> _Data_
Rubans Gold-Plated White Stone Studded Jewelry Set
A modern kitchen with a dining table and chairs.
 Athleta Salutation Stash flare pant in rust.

> _What the task requires_
Starting at the line that contains "A modern kitchen", retype each line through the end of the listing above and nothing else.

> _Task output_
A modern kitchen with a dining table and chairs.
 Athleta Salutation Stash flare pant in rust.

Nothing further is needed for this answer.